> _THE TASK_
From the line that includes "Valina - Elegante" to the last line of the records that follow, copy every line exactly and nothing more, omitting pictures.

====== DATA RECORDS

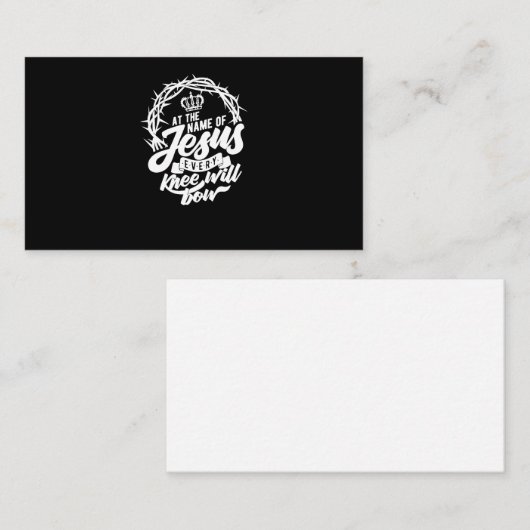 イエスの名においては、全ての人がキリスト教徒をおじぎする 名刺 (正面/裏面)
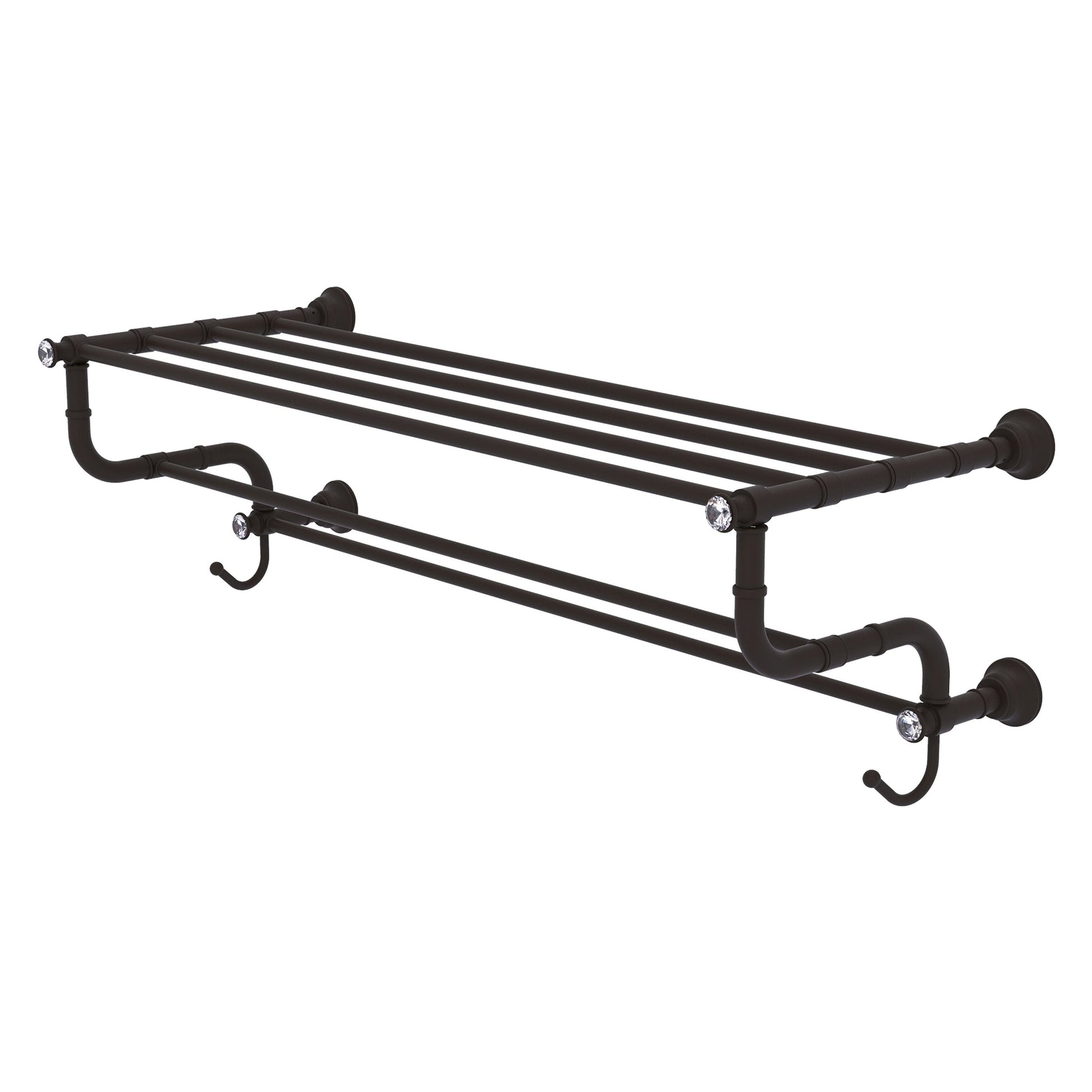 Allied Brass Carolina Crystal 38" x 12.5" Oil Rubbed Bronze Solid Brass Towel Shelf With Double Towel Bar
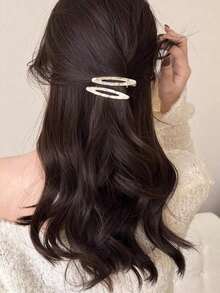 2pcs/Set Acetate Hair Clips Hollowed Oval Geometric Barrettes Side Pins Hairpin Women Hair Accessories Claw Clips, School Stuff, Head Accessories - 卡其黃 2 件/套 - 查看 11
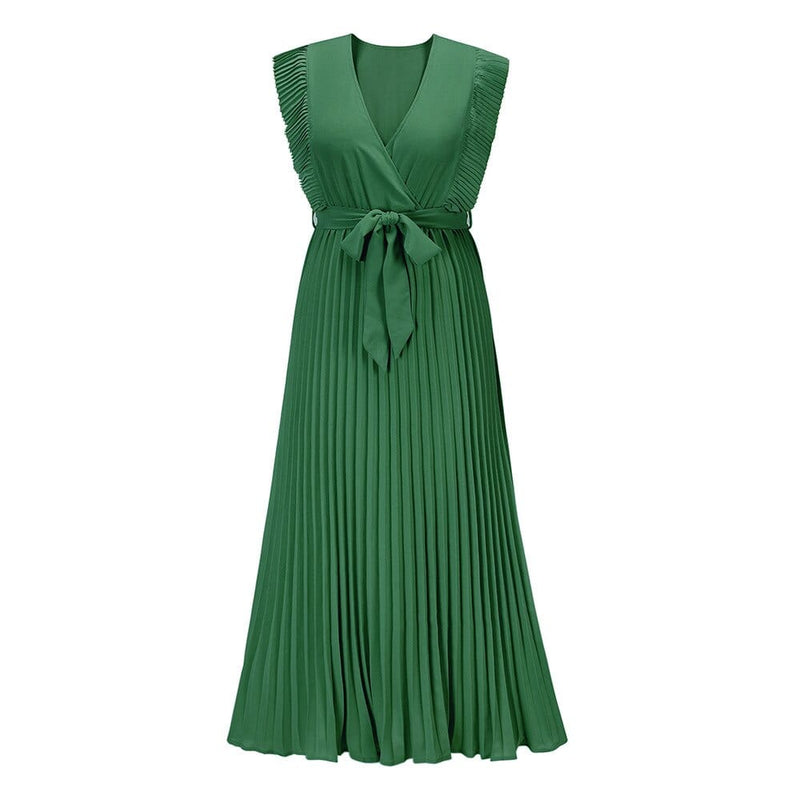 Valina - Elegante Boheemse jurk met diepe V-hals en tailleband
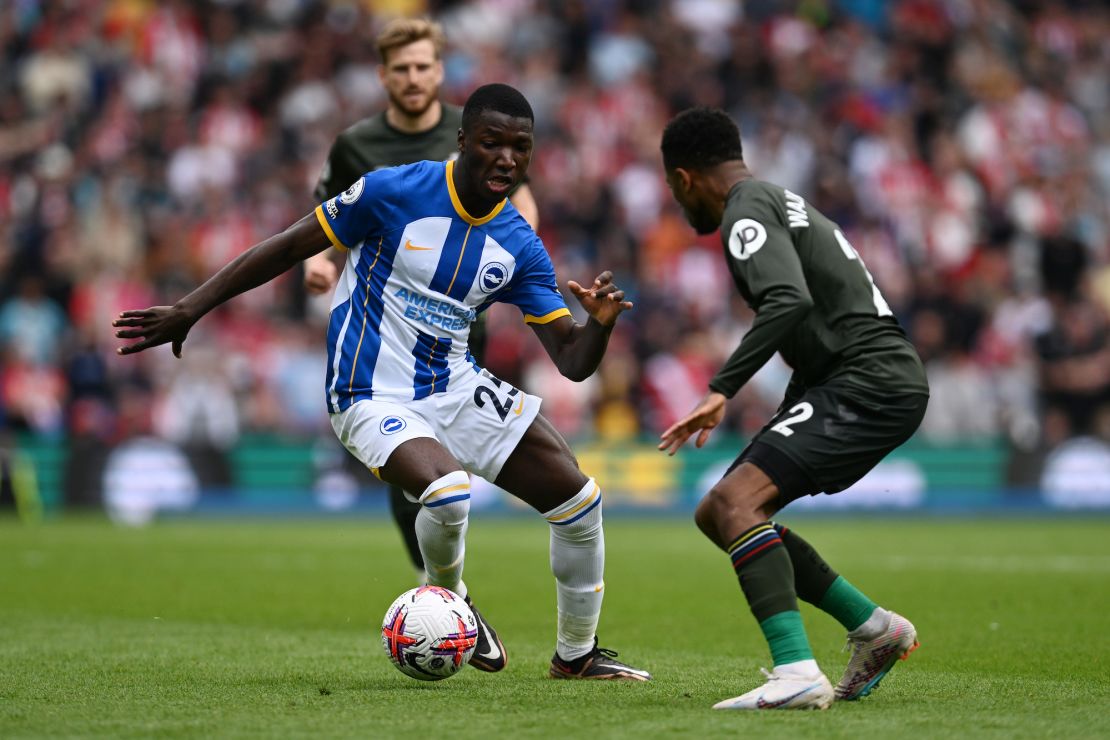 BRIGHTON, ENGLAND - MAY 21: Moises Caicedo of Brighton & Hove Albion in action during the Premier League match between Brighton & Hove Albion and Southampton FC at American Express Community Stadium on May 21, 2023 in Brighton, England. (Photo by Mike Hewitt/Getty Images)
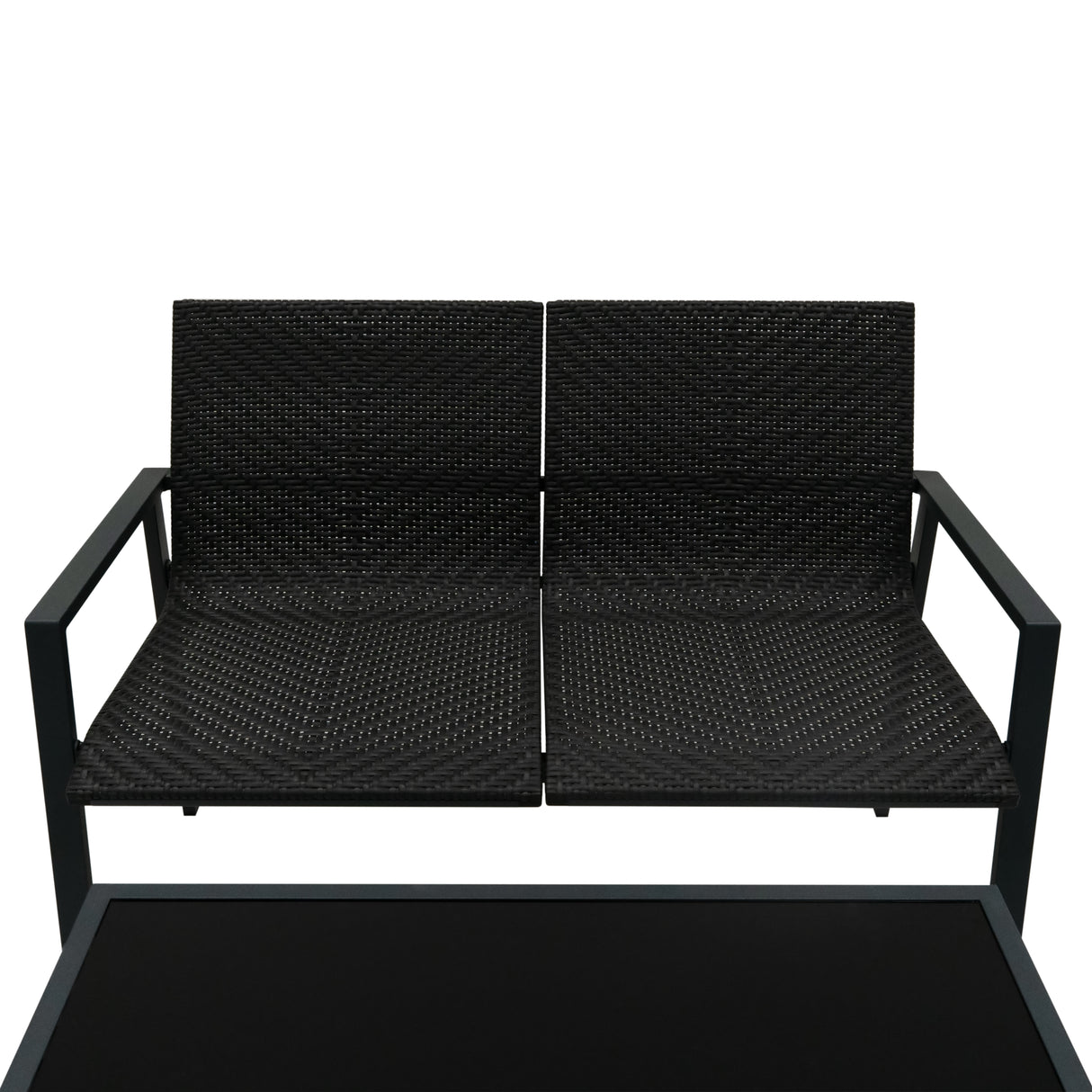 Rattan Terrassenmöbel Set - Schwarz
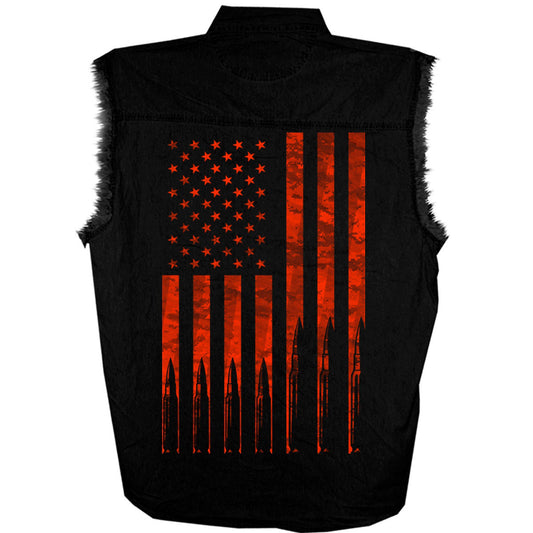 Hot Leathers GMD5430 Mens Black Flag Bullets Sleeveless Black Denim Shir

============

> _WRITTEN SOLUTION_
 Valina - Elegante Boheemse jurk met diepe V-hals en tailleband
 BRIGHTON, ENGLAND - MAY 21: Moises Caicedo of Brighton & Hove Albion in action during the Premier League match between Brighton & Hove Albion and Southampton FC at American Express Community Stadium on May 21, 2023 in Brighton, England. (Photo by Mike Hewitt/Getty Images)
 Rattan Terrassenmöbel Set - Schwarz
 Hot Leathers GMD5430 Mens Black Flag Bullets Sleeveless Black Denim Shir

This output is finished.